ShowMe, GSK are hoping to have the supply issue sorted by the summer. Cases of meningitis tend to peak during the winter months.

Y0uCann0tBeSer10us Wed 02-Mar-16 10:45:23

Sugar, you have already achieved so much in raising awareness of the symptoms of Meningitis, from all strains not just the ones covered by Bexsero (assuming it works for these). You will have saved lives just with that and should be very proud.

The MRF will continue to push for research that will aim to stamp out Meningitis completely. Any campaigning on their behalf will help with this cause.


1234Littleham Wed 02-Mar-16 11:03:03

This is NOT an acceptable response. A huge number of people signed this petition whether you agree with it or not. The debate should have happened BEFORE any response.

sugar21 Wed 02-Mar-16 11:13:32

I hope nobody else has to watch their toddler die

Grrrrrrrrrrr I am so cross headline news on bbc.

How can these mps justify all their perks.

Exdh is going to explode he's steaming bloody mad !!!!!!!!!!!!!!!!

sugar21 Wed 02-Mar-16 12:02:37

peggyundercrackers Wed 02-Mar-16 12:21:15

agree with the others who say this is an acceptable response from the govt.

sugar I can understand your anger and frustration at this.

sugar21 Wed 02-Mar-16 12:30:20

It is only an acceptable response if its someone elses child who dies

HopelesslydevotedtoGu Wed 02-Mar-16 12:32:48

Decisions using public money need to be for the overall good of the public, benefiting the greatest number to the greatest extent. If this vaccine was funded for all children, where would the money come from? Perhaps another health intervention that is less emotive but actually saves more lives. Sadly we can't pay for everything from the public purse.

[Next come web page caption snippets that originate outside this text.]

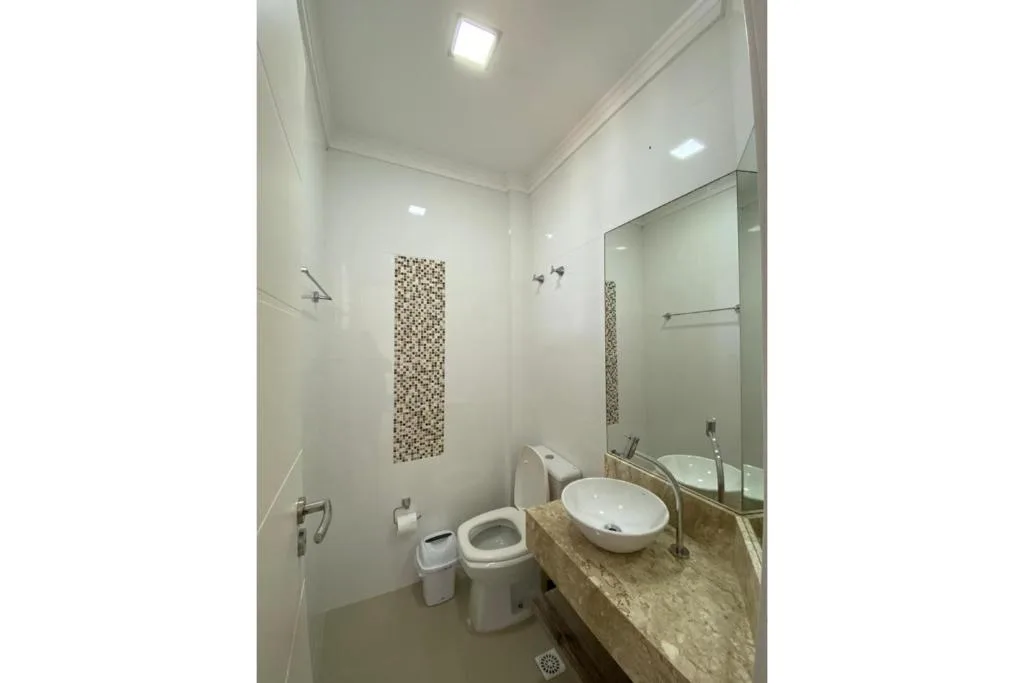 Residencial CasapraiadaLagoinha, Bombinhas, na 583 Avenida das Garoupas em Bombinhas/SC — foto 16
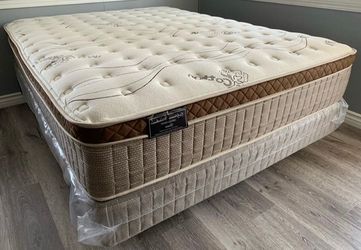 King Organic Cloud Edition Europillow Top 12inch Matres!!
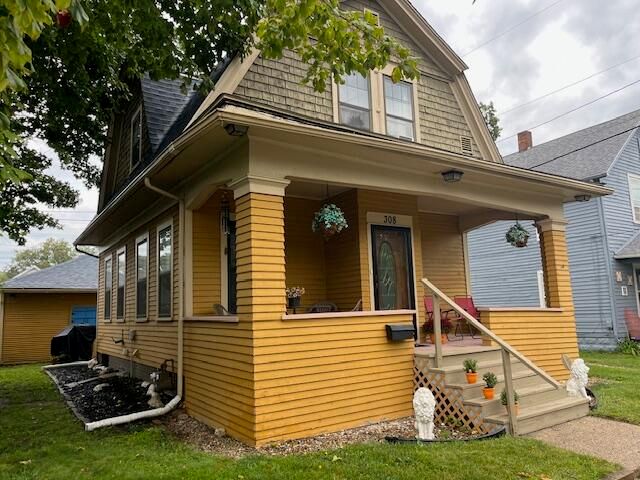 308 Warwick Street, La Porte, IN 46350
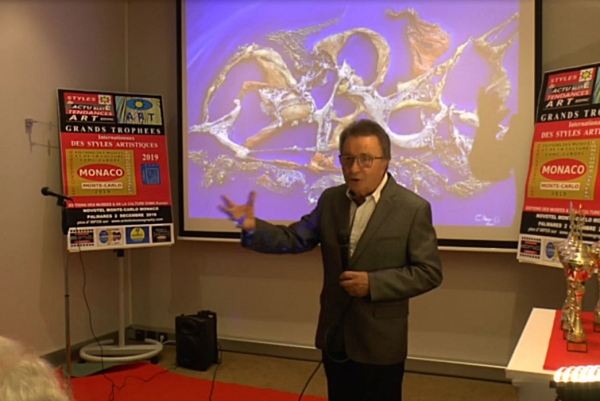 CAZORLA-CAZO, peintre présente ses oeuvres et techniques, sa démarche artistique, ici à Monaco devant le Comité du Jury.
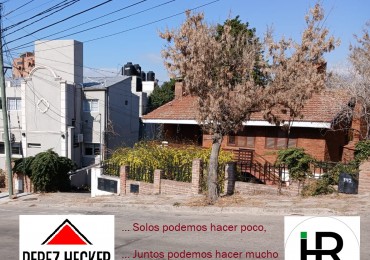 VILLA CARLOS PAZ - Cordoba - Casa 2 Dormitorios - Estacionamiento - 3 cuadras del Kuku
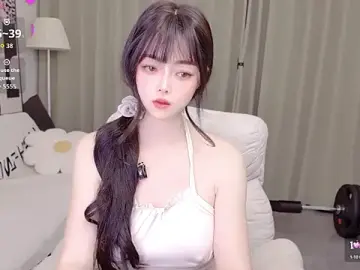 Stripchat Free Porn Cam of uikyy1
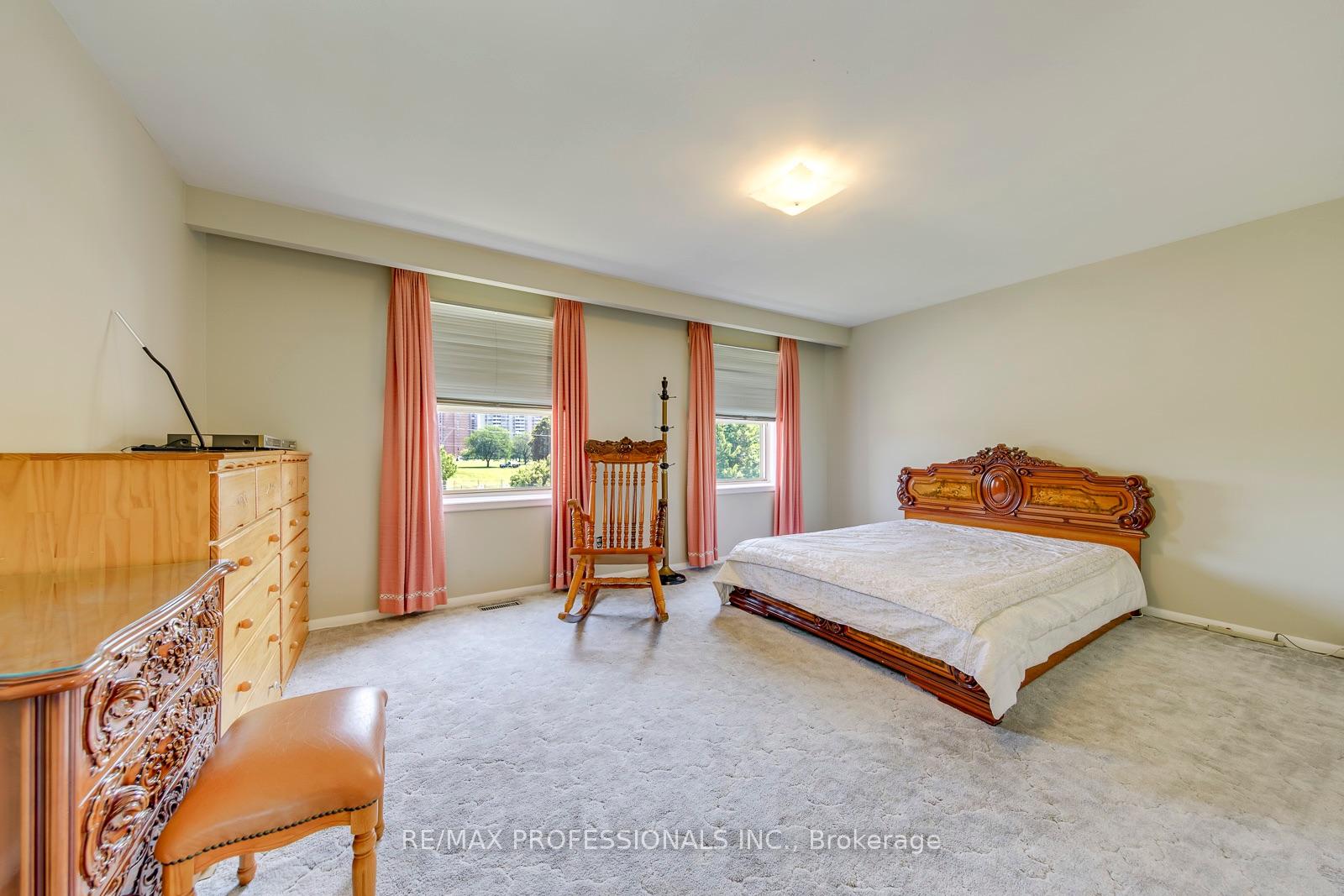 Photo 13 of 256 Wellesworth Drive, Etobicoke, Eringate-Centennial-West Deane — HOMEH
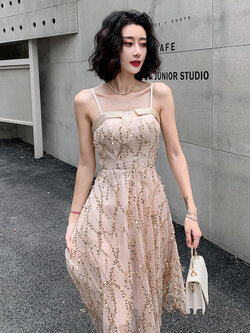 ชุดราตรี ชุดราตรีสวยหรู แบบ ทันสมัย Evening dress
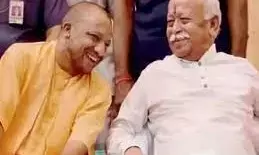 गोरखपुर में सीएम योगी आदित्यनाथ से मिले आरएसएस प्रमुख मोहन भागवत गोरखपुर में सीएम योगी आदित्यनाथ से मिले आरएसएस प्रमुख मोहन भागवत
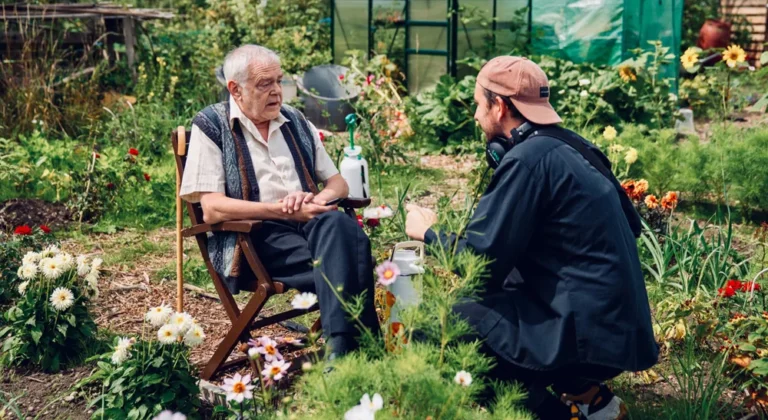 Deadheading, la comedia negra en gran formato premiada en los Sony Future Filmmaker Awards 2 Un actor de edad avanzada conversa con un miembro del equipo técnico entre las plantas de un huerto urbano durante el rodaje de Deadheading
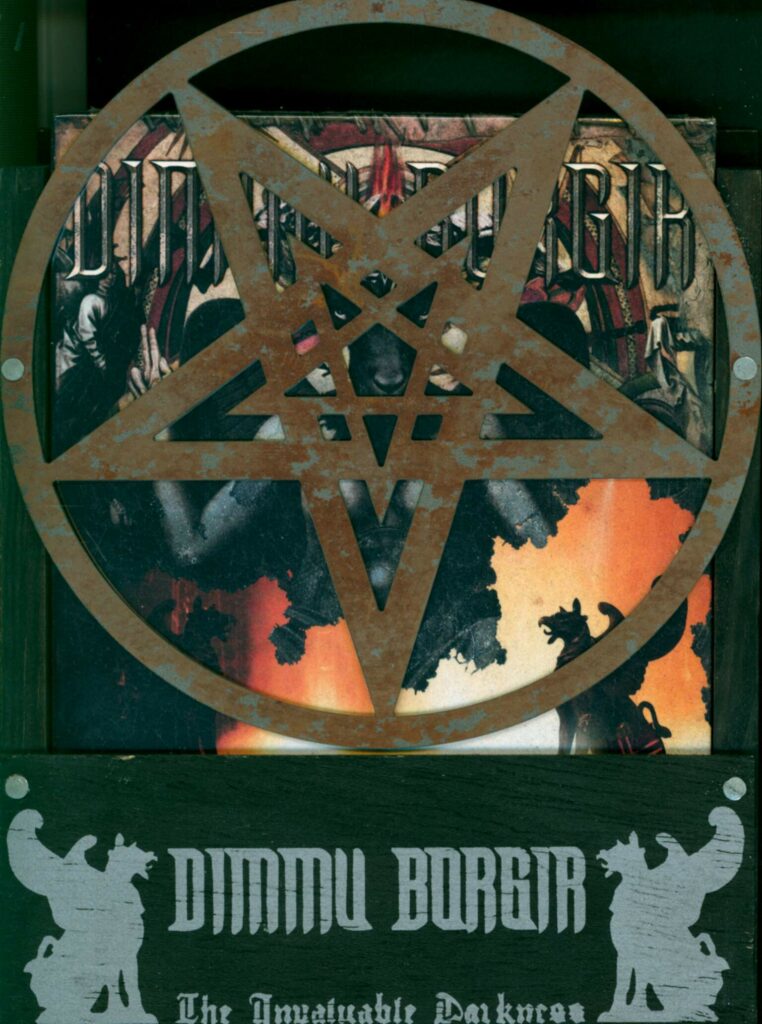 Dimmu Borgir-The Invaluable Darkness-DVD-01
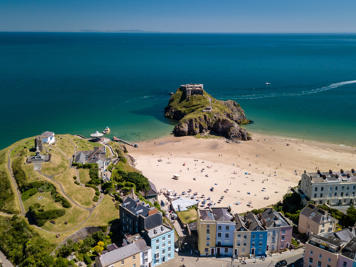 24 hours in Tenby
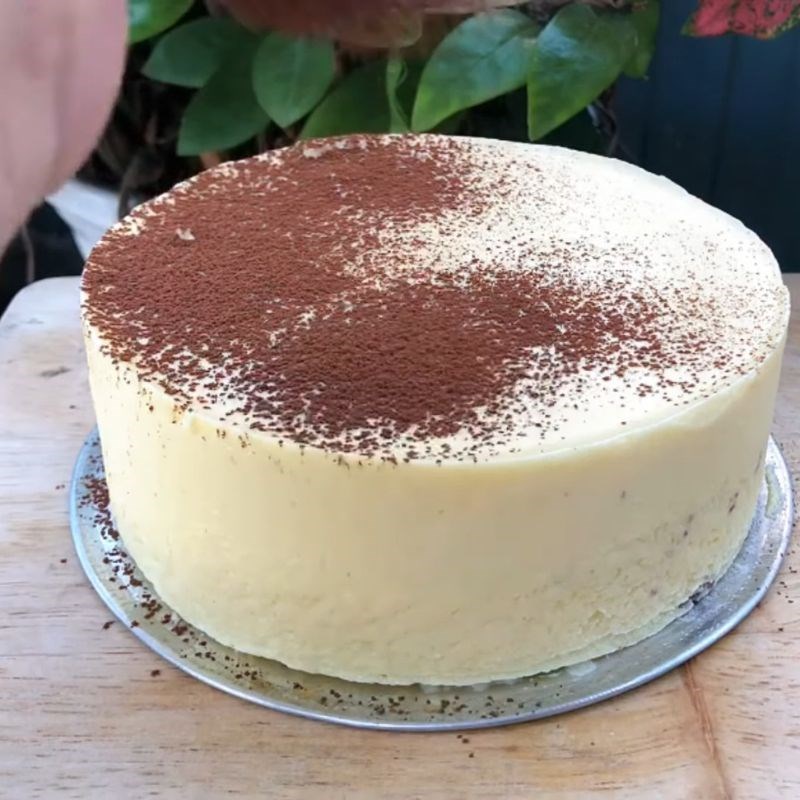 Bước 4 Đổ kem và ráp bánh Tiramisu Bánh sinh nhật Tiramisu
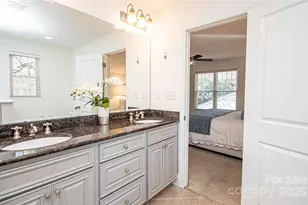 532 Inwood Dr, Charlotte, NC 28209 - Photo 23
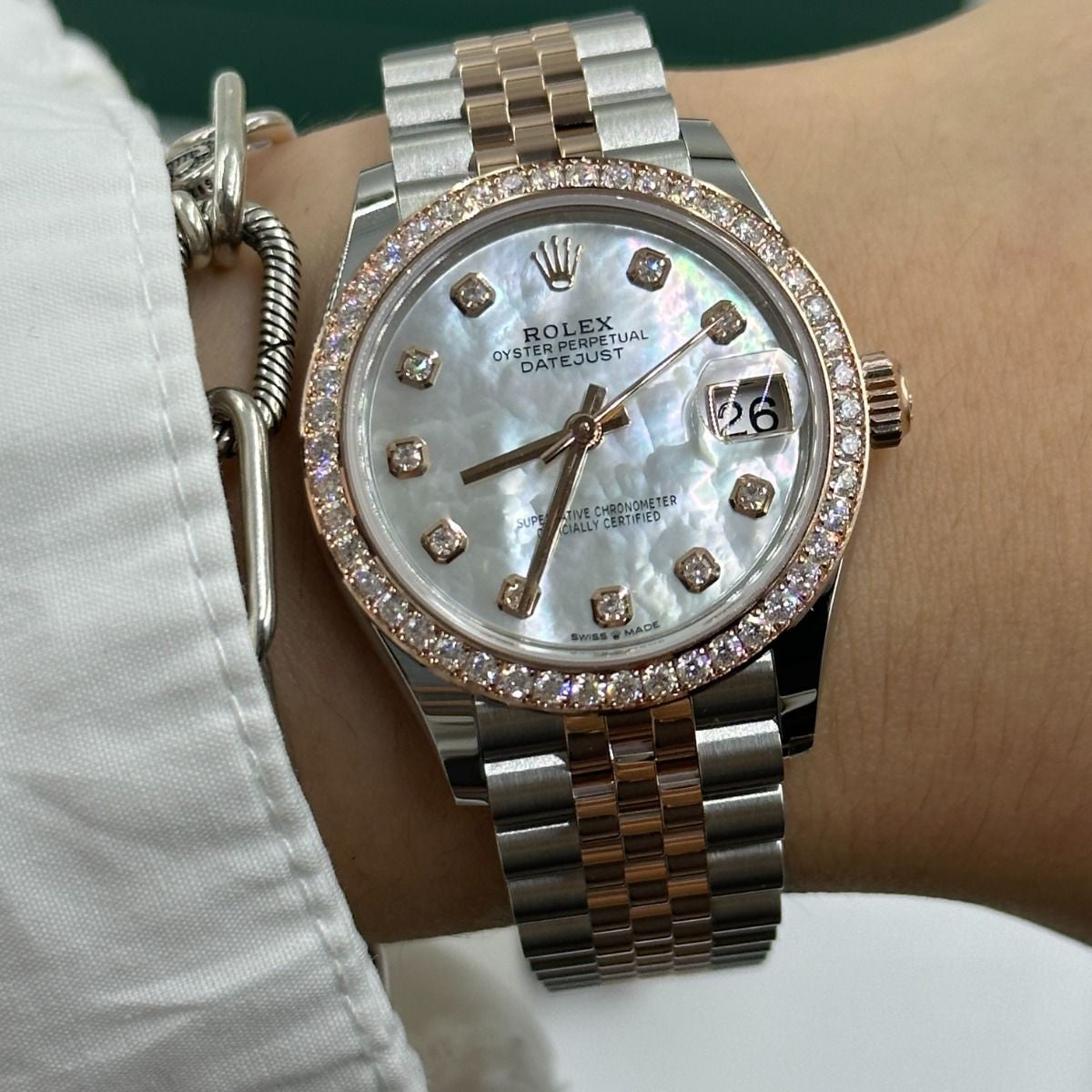 Rolex Datejust 31mm women's mirror watch, white mother-of-pearl stone-set dial – view 8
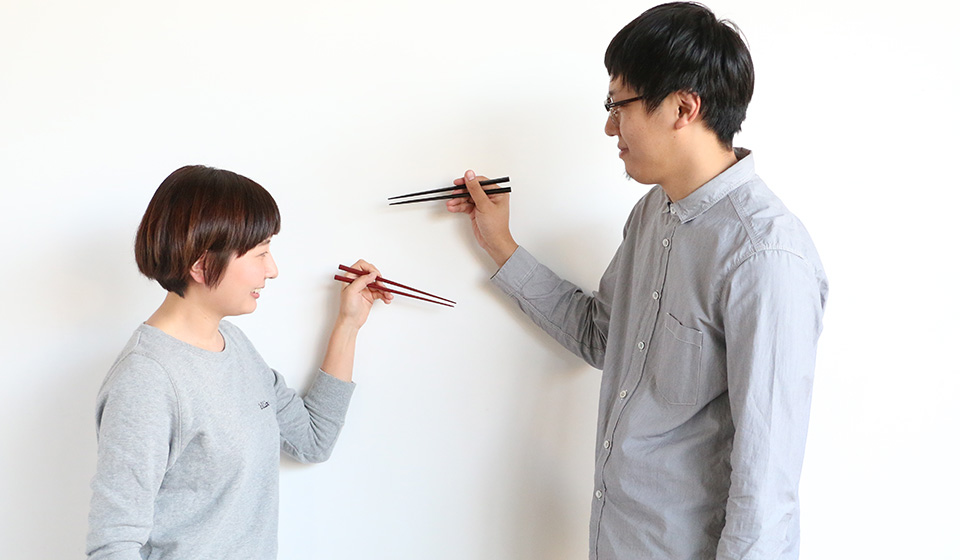 デザイナーが話したくなる「拭き漆のお箸」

The supply issues are due to the company GSK and the unexpected public demand- nothing to do with the government.

It would be helpful if the private vaccine was available more cheaply though. I understand it costs 75 per dose cost price, but around 130 at a private clinic. My daughter was having her standard nhs vaccinations anyway, it would have been helpful to have paid the cost price for Men B and the practice nurse give it at the same time, given she was under 1 (so in the highest risk group, just born too early to qualify for nhs).